Para conseguir este desconcertante plano cenital, Kriegenburg clava en una pared la cama, las sillas y las mesitas de la habitación de Josef K, e invita a sus actores acróbatas, aferrados a los muebles como lapas, a moverse por allí con la flema de quién tiene los pies en tierra firme. El efecto es desasosegador: parece que fuéramos los vecinos de arriba y espiáramos a K a través de un suelo de cristal.
EL PROCESO
Dramaturgia: Matthias Günter, a partir de la novela de Kafka. Intérpretes: Walter Hess, Edmund Telgenkämpe, Lena Lauzemis, Sylvana Krappatsch, Annette Paulmann, Oliver Mallison... Escenografía y dirección: Andreas Kriegenburg. Producción: Münchner Kammerspiele. Teatro Valle-Inclán.

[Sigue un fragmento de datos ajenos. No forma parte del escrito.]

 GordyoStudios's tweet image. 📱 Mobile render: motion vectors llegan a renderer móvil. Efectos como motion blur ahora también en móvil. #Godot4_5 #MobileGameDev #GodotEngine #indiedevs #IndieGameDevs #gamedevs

Un dispositivo escénico ofrece dos puntos de vista simultáneos
Pero donde Welles ilustraba certeramente, Kriegenburg prefiere, porque es más teatral, crear un espacio simbólico: redonda, la habitación de K es, a su vez, la niña de un gigantesco ojo abierto, que ocupa el fondo escénico de lado a lado. Ningún otro escenario de la novela aparece representado: no vemos lo que sucedió, sino una versión ensoñada o distorsionada por el recuerdo de quien la relata, y con diálogos escasos: Matthias Günter, su autor, prefiere mantener el tono narrativo original para que el público imagine a su antojo ciertos personajes y episodios.

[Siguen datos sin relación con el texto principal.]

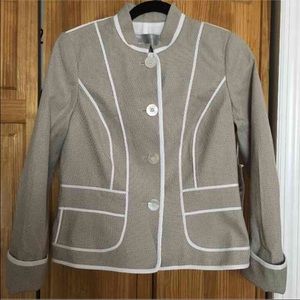 Worth designer jacket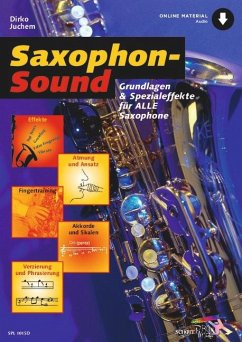 Saxophon-Sound - Juchem, Dirko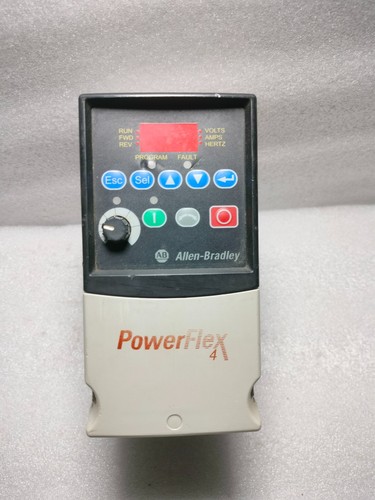 Allen bradley powerflex4 - allen-bradley,
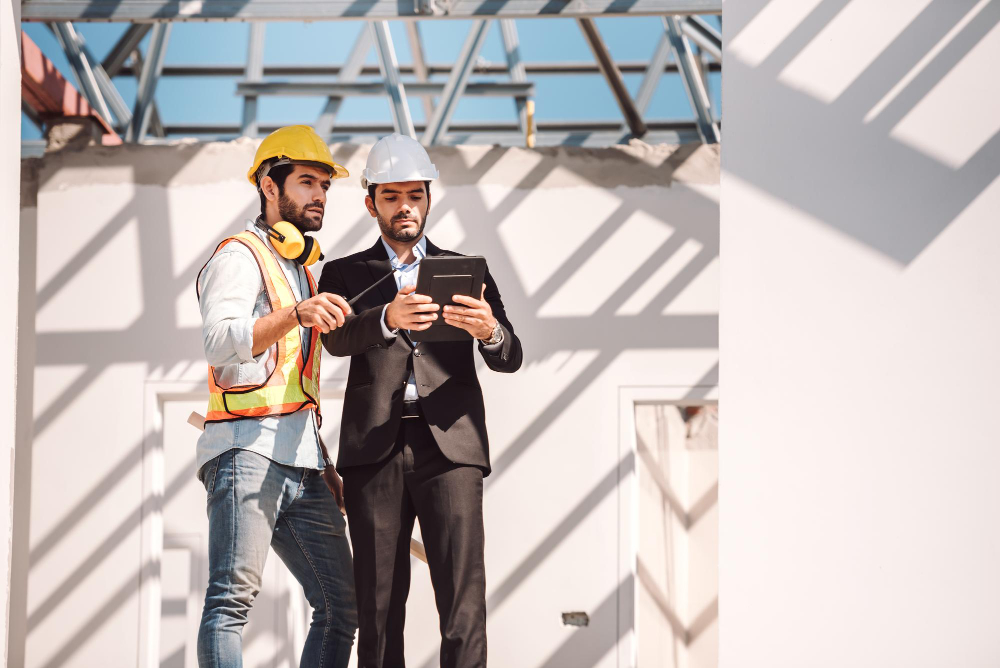 IT Support for Construction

Caracterizados con bigote corto y flequillo a lo Iñaki Fernández, vocalista de Glutamato Yé-Yé, los ocho intérpretes parecen fragmentos del mismo personaje o residuos de su implosión. En alguna escena, todos ellos son Josef K, pero también asumen otros papeles. Hay un humor keatoniano o chaplinesco (el vestuario, en blanco y negro) cuando cinco clones de Josef K se meten simultáneamente en su camita o cuando siete de ellos hacen cola para besar a la señorita Burstner en boca, cara y cuello, tal y como acaba de relatar el narrador, pero cada uno de manera más torpe que el que le antecede.
A pesar del ingenioso trabajo colectivo, la potente imagen de ese ojo único que todo lo espía se impone por momentos a lo que los actores hacen (la escenografía no permite imaginar la escena del salón del juicio, insuficientemente elaborada, y la del despacho del abogado correría mejor en un espacio vacío). Pero en el segundo acto, mientras Tintorelli cuenta en un monólogo delirante el arbitrario funcionamiento del sistema judicial y por su causa los siete Josef K giran como cosmonautas ebrios en su habitación-pupila (instalada sobre una plataforma giratoria), el lenguaje del espectáculo acaba imponiéndose rotundamente. Fantásticos, la luz de Björn Gerum, la peluquería, que sin artificio crea sello, y la interpretación coral.